I do like the idea of this premise, as ridiculous as it seems. I also like the concept that goes into the creation of the hero, Benjamin Franklin Gates, who speaks and dreams of a world idealized by the vision and principles of the Founding Fathers. I like the scavenger hunt and for a long time, I am enjoying this movie thoroughly as Ben and his rather dim-witted assistant Riley try to protect the Declaration of Independence and take a look at the map imprinted at the back of it (Ben’s adventures and clue-huntings have led him to this latest clue to this great treasure) by stealing it before Ben’s rival Ian Howe gets his hands on it. Because Ian is obviously British, his getting his hands on the treasure is an absolutely horrible thing to contemplate while Ben, the American, will naturally use the Treasure for good. Although what that good is, I have no idea. Maybe he’ll buy Jon Voight an island to retire to so that Mr Voight will never show up in a movie again.

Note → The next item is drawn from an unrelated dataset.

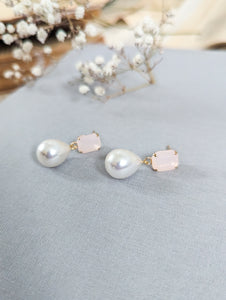 Pink Opal & Pearl Earring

A movie with Jon Voight in it is like a bed with a stone buried inside the softness. No matter how great a movie is, the moment Mr Voight shows up with his face and sneer that are just begging to be smacked, the movie automatically turns into a Jon Voight hatefest. Sean Bean on the other hand isn’t stretching his abilities as his role is that of yet another sneering bad guy. Diane Kruger doesn’t even bother to mask her accent as she plays the National Archivist that is inadvertently dragged along the treasure hunt, maybe because she knows that her role is not worth the effort. On the other hand, Nicolas Cage seems to be having the time of his life playing the idealistic genius Ben Gates, so good for him.
While the movie is an enjoyable if silly affair, the last half hour is a painfully trite and formulaic showdown scene so blatantly generic that I am actually stunned to watch it unfurl before me on the screen. It’s not a bad way to bring about an exciting climax to the movie, I suppose, but after the absurd yet inventive scavenger hunt that Ben and company take me along for a ride with, the movie’s unapologetic descend into absolute triteness is disappointing, like a punch to my gut with Mr Turteltaub cackling in my ears, “See ya, sucker, thanks for playing!”
National Treasure could have been a better enjoyable no-brainer fun-time movie were not for the dull final half-hour. Oh, well.